The goal of ensemblQueryR is to seemlessly integrate querying of Ensembl databases into your R workflow. It does this by formatting and submitting user queries to the Ensembl API. In its current iteration, the package contains functions for the three Ensembl Linkage Disequilibrium (LD) 'endpoints': 1. Query LD in a window around one SNP, 2. Query LD for a pair of query SNPs and 3. Query LD for SNPs at a specified genomic locus.
You can install the development version of ensemblQueryR like so:
# load remotes package
library(remotes)
remotes::install_github("ainefairbrother/ensemblQueryR")
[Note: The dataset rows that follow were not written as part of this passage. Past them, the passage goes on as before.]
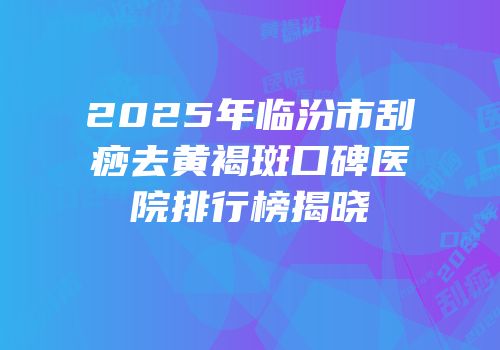 2025年临汾市刮痧去黄褐斑口碑医院排行榜揭晓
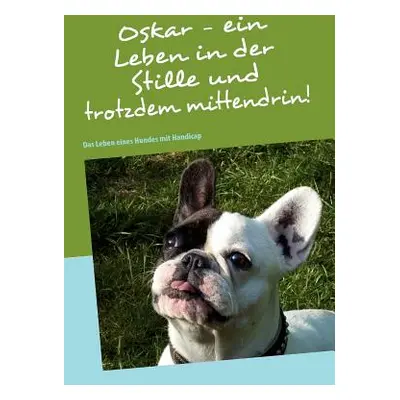 "Oskar - ein Leben in der Stille und trotzdem mittendrin!: Das Leben eines Hundes mit Handicap" 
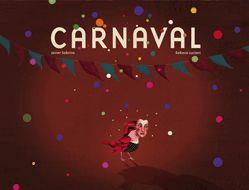 Carnaval | 9788424629793 | Javier Sobrino\Rebeca Luciani (ilustr.) | Llibres.cat | Llibreria online en català | La Impossible Llibreters Barcelona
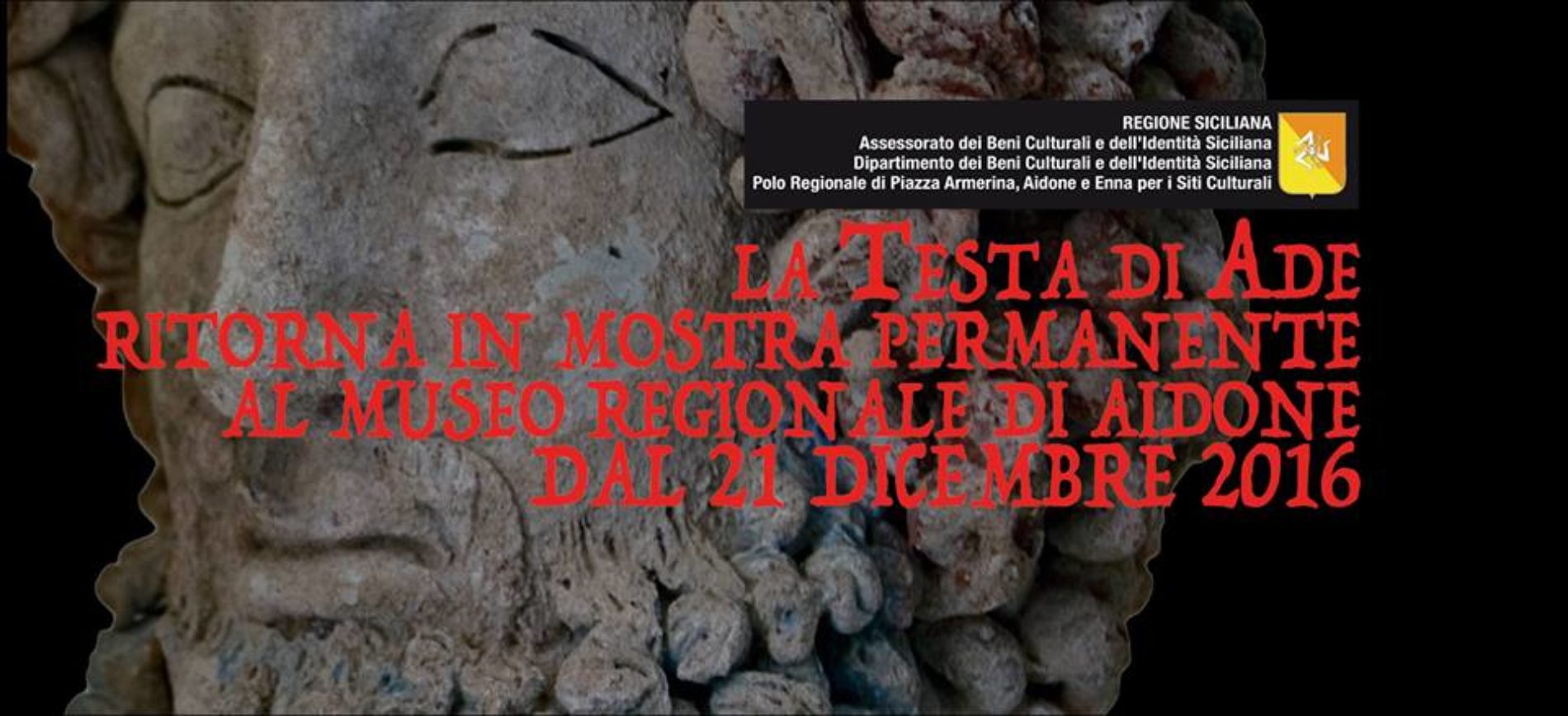 La TESTA DI ADE ritorna in mostra permanente al Museo Regionale di Aidone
All functions in this package take the pop
argument which defines the population for which to retrieve LD statistics. So, to get a list of options for this argument, run the ensemblQueryGetPops()
function.
# load libraries
library(ensemblQueryR)
library(magrittr)
ensemblQueryR::ensemblQueryGetPops()
For one query rsID, get all rsIDs in LD using ensemblQueryLDwithSNPwindow
ensemblQueryR::ensemblQueryLDwithSNPwindow(rsid="rs3851179",
r2=0.8,
d.prime=0.8,
window.size=500,
pop="1000GENOMES:phase_3:EUR")
For a vector of query rsIDs, get all rsIDs in LD if your query is <1000 rsIDs in length. This is due to Ensembl's 1000 query limit. See next example for queries >1000 rsIDs in length.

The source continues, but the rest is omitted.